On a personal detour, I studied transition economics, which was the path for how inefficient command economies could become efficient capitalist ones. I also lived in very post-Soviet economies where shops didn’t have basic essentials, people were drinking themselves to death out of despair, the state didn’t seem to function in many areas, and whole industries were collapsing due to structural shifts nobody seemed to understand – as some people got very, very rich.

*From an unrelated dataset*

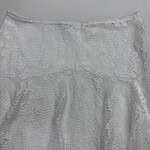 Elegant white lace skirt with intricate floral patterns, perfect for summer or special occasions, showcasing delicate craftsmanship and stylish design.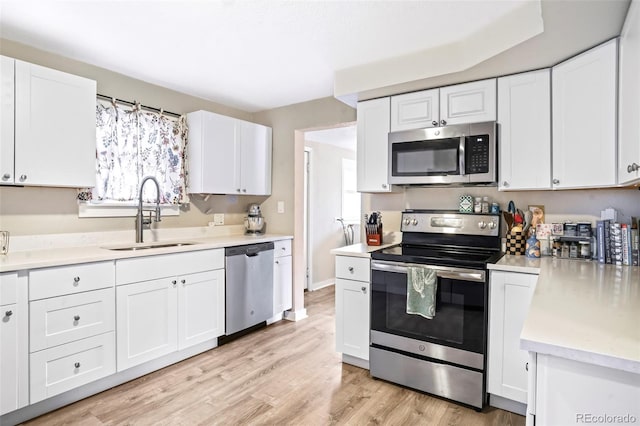 kitchen with light hardwood / wood-style flooring, sink, stainless steel appliances, and white cabinetry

Ironically, this seems to be a relevant background for global markets today. (“We pretend to work, they pretend to pay us,” as they used to say under communism: and has anyone noticed the collapse in global productivity under our efficient neoliberalism?)

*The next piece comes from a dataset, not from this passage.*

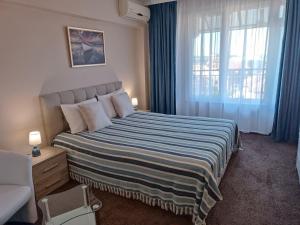 a bedroom with a large bed with a window at Guest house Marina in Obzor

The ultimate irony is that if we don’t see central banks do whatever it takes, then the market, economic, and socio-political volatility would see Marxist (and other) revolutionaries rubbing their hands in anticipation; yet if we do go the whatever-it-takes route, then free-market neoliberalism effectively mutates into a form of economy that has key similarities to the Soviet command economies it defeated in the Cold War!

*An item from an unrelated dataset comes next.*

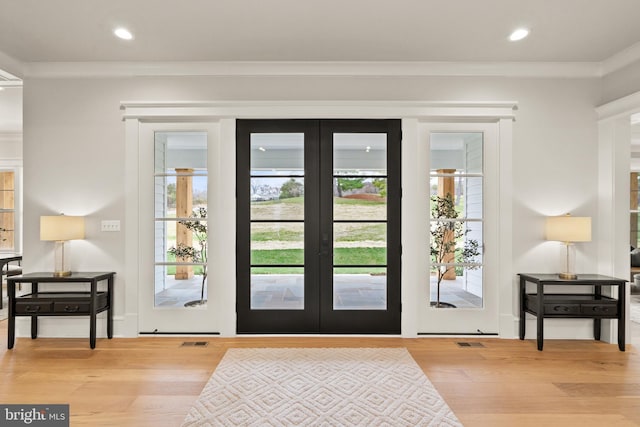 doorway with french doors, light wood-type flooring, and crown molding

The Soviets also didn’t have any true cost of capital: credit was allocated as part of each government 5-year plan. They also had hypothecated funding, such that an allocation of central-bank/state capital for a factory producing cars using $100 worth of inputs that sold at a value of $90 (an economic model we could never see today under free-market capitalism! Especially not in the auto or transport sector!) could only spend the funds it was allocated on specific products tied to that money-losing plan. That is the most extreme version of the kind of credit rationing we may have to see in the future once our yield curves have been completely flattened – and all the free money simply flows into the lowest-hanging fruit, which will be to the property sector rather than any kind of productive assets – unless compelled. (And we are back to New Zealand as a thought leader.)
Then, on top, we also have the latest round of stonk-tastic action, as the US proletariat (or perhaps kulaks?) take on the hedge-funds in *also* playing around with the stock price of a firm that sells a product at 90 with inputs that cost 100, in order to get rich enough to buy that nice little dacha by the Black Sea. (Which is the only way they will ever own one without serious connections, unless we get hypothecated credit allocations.)
In short, we may stand before not just a market but an historic paradigm shift – albeit one not many recognize because they have never dismantled an economic system to see how they work, and hence how they can become something else under the old badge. If we are –or we aren’t!– things are likely to get very interesting. If we aren’t enjoy the volatility. If are, enjoy the total lack of volatility – and all that will come with it. Yet importantly, we don’t have a Soviet bloc, so each country going this route would be doing so solo: and that also has massive long-run implications for both capital and trade flows.
At least I will be able to roll out all my Soviet-era jokes again – those really have held their value remarkably well over time.
An American is comparing political systems with a Soviet.
The American says: “My system is the best because every day I can open my window and scream that the US is evil and I hate the US government.”
The Soviet replies: “We can do the same thing here.”